Let's begin with aquavit, a.k.a. Scandinavian jet fuel. Feel free to tailor the flavors to your liking. I found this formulation to be delicious mixed with fresh pink grapefruit juice.

Makes a lot of little bottles.

1 jumbo bottle of good vodka
8 big sprigs of fresh dill
2 Tbsp. fennel seeds
4 cardamom pods
20 juniper berries
1/2 to 1 tsp. caraway seeds
2 lemons' worth of peel (no pith, please)
2 clementines' worth of peel (ditto)

Pour vodka into large, wide-mouthed jar. Add fresh dill. Crush fennel seeds, cardamom pods, juniper berries, and caraway seeds. Add to vodka, along with the citrus peels.

Let steep for three days, one week, two weeks, up to you. Keep tasting and shaking each day. The vodka will turn a pale yellow.

When well flavored, strain into smaller bottles. If you want it perfectly clear, use cheesecloth in your strainer. Give as gifts with little shot glasses. 

Homemade gravlax can also be tailored to your taste. Some like more sugar, some like more salt. Some rinse the cure off when finished, some simply wipe it off. You can rinse, pat dry, then place salmon back in fridge uncovered for a day to dry it out even more. I cured mine for four days. The usual recommendation is three to five. And, yes, gravlax can be frozen for a brief period.

This is more of a guideline than a recipe, and I have included Sybille van Kempen's recipe from Loaves and Fishes because the shop has been making beautiful gravlax for over 40 years! Please make sure your spices are fresh.

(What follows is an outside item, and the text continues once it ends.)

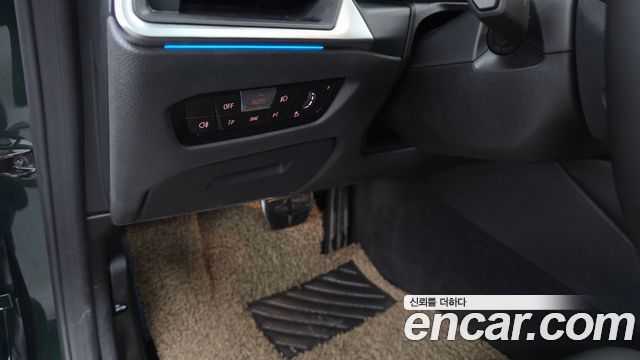 BMW i4 eDrive40 M Sports 2022 — фото 17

1 2-lb. piece highest quality, freshest salmon, cut into sizes you want
1/4 cup kosher salt
3 Tbsp. sugar
1 Tbsp. brown sugar
2 Tbsp. aquavit

To taste:
Crushed white peppercorns (I used 1 tsp.)
Crushed coriander seeds (I used 1/2 tsp.)
Crushed caraway seeds (I used 1/2 tsp.)
Crushed fennel seeds (I used 1 tsp)
1 1/2 bunches fresh dill

Rinse and dry salmon pieces. Combine spices and sugar and salt in bowl and mix well. Coat the pieces of salmon well, rubbing the mixture into both sides. Lay some dill on bottom of ceramic or glass casserole dish. Lay fish, skin side down on dill, sprinkle with aquavit, then cover with more dill. Cover with plastic, then place plate or similar item that will cover fish.

Put weights such as jars of beans or canned goods to weigh down the fish. Refrigerate for three to five days, turning the fish each day. The salmon will release liquid each day.

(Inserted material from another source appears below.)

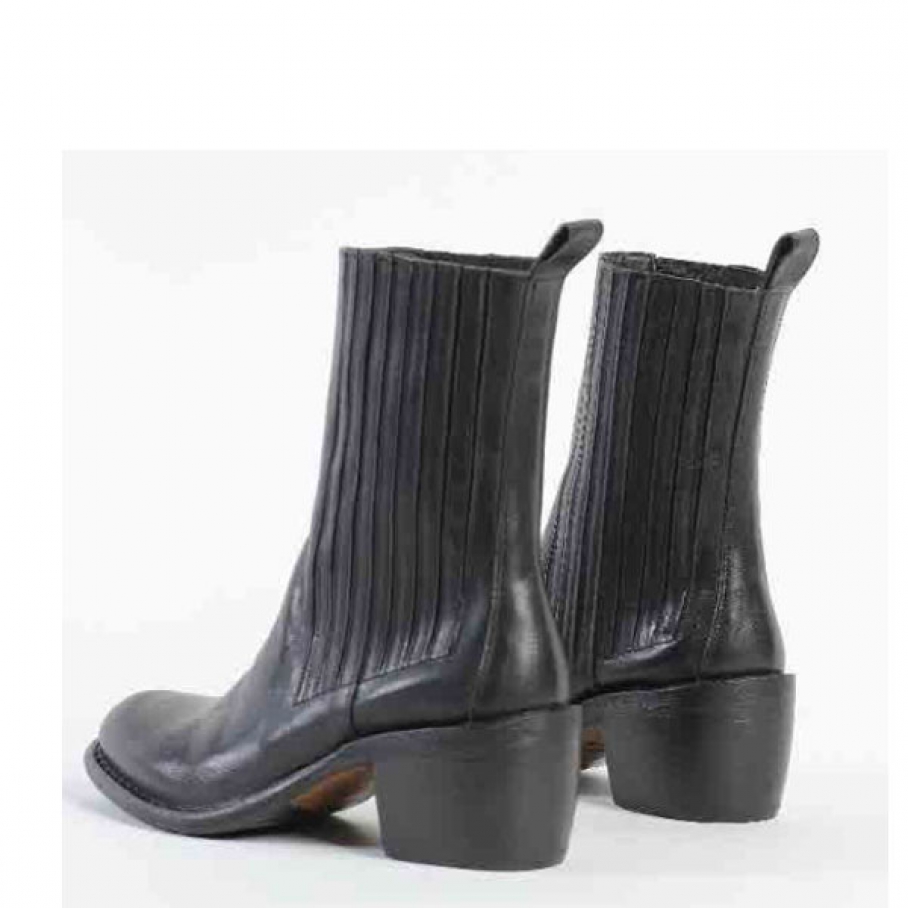 Fiorentini + Baker - Fiorentini+Baker Rum Rial n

When done, wipe off coating or rinse and dry salmon. Wrap in plastic and when ready to serve, slice with a very thin, sharp knife. 

Here are Sybille's guidelines: Begin with two fresh boneless, skin-on sides of salmon. Place both skin-side down in a clean spacious container.

Add the cure: equal parts salt to sugar to cover both sides, fresh chopped herbs to coat, and a sprinkle of brandy or other liquor flavor preference to moisten.

Combine the two sides, seal with clear plastic wrap, and press with a heavy 10-lb. weight (use your imagination on what to use for this)

Refrigerate and turn daily for five days. Slice thinly to serve. Keep the whole portion in the cure and in the fridge for up to 10 more days. It freezes well for a few weeks.

Irish Cream
Makes a good bit.

3-4 cups Jameson Irish Whisky
2 cups cream
1 can sweetened condensed milk
3 Tbsp. good dark cocoa powder
2 Tbsp. espresso powder
1 tsp. vanilla extract
Pinch salt

Begin by mixing a bit of cream into the cocoa and espresso powder. Mix until it becomes a paste, then add more cream until it is smooth. Add the rest of ingredients and taste for seasoning. This will be a boozier, less rich, more chocolatey version of Baileys Irish Cream.

Transfer to various bottles and chill. This should keep for up to a month. Shake occasionally.